_AIM OF THE EXERCISE_
Across these entries, count the lines holding the string "Gold"; the number is the whole answer.

Caption-style text data:
※ ※ ※

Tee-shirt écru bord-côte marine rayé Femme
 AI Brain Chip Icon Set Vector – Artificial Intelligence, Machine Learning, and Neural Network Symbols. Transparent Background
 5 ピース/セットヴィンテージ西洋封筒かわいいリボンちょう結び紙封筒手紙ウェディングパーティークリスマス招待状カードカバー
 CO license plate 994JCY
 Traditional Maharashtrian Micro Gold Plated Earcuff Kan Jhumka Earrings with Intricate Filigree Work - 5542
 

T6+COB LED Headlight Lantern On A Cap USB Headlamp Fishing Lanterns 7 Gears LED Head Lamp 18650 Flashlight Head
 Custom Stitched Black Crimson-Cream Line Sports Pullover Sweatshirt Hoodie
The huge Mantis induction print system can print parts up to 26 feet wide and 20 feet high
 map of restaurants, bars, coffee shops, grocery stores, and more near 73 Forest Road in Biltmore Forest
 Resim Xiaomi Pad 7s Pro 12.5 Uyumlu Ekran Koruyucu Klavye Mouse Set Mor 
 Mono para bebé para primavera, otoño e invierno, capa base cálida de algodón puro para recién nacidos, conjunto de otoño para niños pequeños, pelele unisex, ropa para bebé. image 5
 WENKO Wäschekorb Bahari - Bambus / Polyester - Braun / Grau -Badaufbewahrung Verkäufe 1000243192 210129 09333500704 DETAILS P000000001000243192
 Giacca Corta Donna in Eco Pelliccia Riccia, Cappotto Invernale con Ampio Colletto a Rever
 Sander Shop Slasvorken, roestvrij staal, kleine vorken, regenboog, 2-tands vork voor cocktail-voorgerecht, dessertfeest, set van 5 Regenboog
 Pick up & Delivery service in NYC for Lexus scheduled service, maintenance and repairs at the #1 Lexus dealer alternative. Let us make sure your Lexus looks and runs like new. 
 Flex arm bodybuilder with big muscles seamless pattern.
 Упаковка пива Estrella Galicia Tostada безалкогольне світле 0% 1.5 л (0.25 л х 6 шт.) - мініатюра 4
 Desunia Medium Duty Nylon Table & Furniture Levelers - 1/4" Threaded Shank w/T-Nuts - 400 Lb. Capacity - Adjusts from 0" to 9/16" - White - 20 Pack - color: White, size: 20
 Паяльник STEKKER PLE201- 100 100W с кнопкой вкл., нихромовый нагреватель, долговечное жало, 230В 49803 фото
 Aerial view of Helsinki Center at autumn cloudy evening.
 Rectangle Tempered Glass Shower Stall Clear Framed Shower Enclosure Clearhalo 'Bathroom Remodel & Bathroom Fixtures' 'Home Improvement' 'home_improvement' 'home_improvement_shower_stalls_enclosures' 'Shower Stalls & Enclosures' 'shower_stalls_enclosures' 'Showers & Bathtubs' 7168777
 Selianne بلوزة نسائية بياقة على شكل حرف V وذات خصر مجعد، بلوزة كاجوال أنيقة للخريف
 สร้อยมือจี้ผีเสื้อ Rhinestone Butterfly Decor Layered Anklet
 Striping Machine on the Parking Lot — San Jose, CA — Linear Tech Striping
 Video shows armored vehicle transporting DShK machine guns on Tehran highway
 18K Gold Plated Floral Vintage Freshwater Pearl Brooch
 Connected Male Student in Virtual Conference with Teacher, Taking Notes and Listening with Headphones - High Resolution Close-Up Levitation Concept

※ ※ ※

_ANSWER SPACE_
2